Pintransacties leidden tot zuivere aanvaarding van de nalatenschap

Een erfgenaam heeft pintransacties verricht van de bankrekening die behoorde tot de nalatenschap. Volgens het Hof is hierdoor de nalatenschap zuiver aanvaard op grond van artikel 4:192 lid 1 BW.
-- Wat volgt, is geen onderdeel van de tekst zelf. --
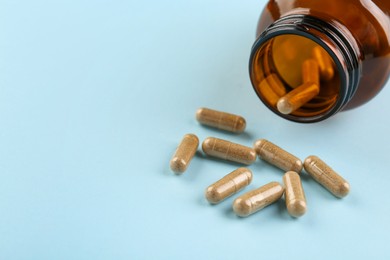 Photo of Bottle and vitamin capsules on light blue background, closeup. Space for text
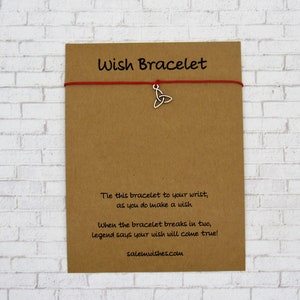 May include: A red string bracelet with a silver Celtic knot charm. The card reads "Wish Bracelet" and includes instructions on how to make a wish and the legend associated with the bracelet. The card also includes the website salemwishes.com.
Niet gebleken is dat de transacties verband hielden met de uitvaart. Het gevolg is dat de erfgenaam de vorderingen van haar stiefbroers/zussen die zij op de erflaatster hadden (ruim € 200.000) uit haar eigen vermogen moet voldoen. Het Hof verwerpt het beroep van de erfgenaam dat de gevolgen van de zuivere aanvaarding op grond van de redelijkheid en billijkheid buiten toepassing moeten blijven. Overigens zou de erfgenaam ook geen bescherming genieten onder de Wet bescherming erfgenamen die op 1 september 2016 in werking treedt. Ook dan zou er sprake zijn van zuivere aanvaarding terwijl geen beroep kan worden gedaan op het nieuwe artikel 4:194a BW omdat de erfgenaam reeds bekend was met de vorderingen van de stiefbroers/zussen.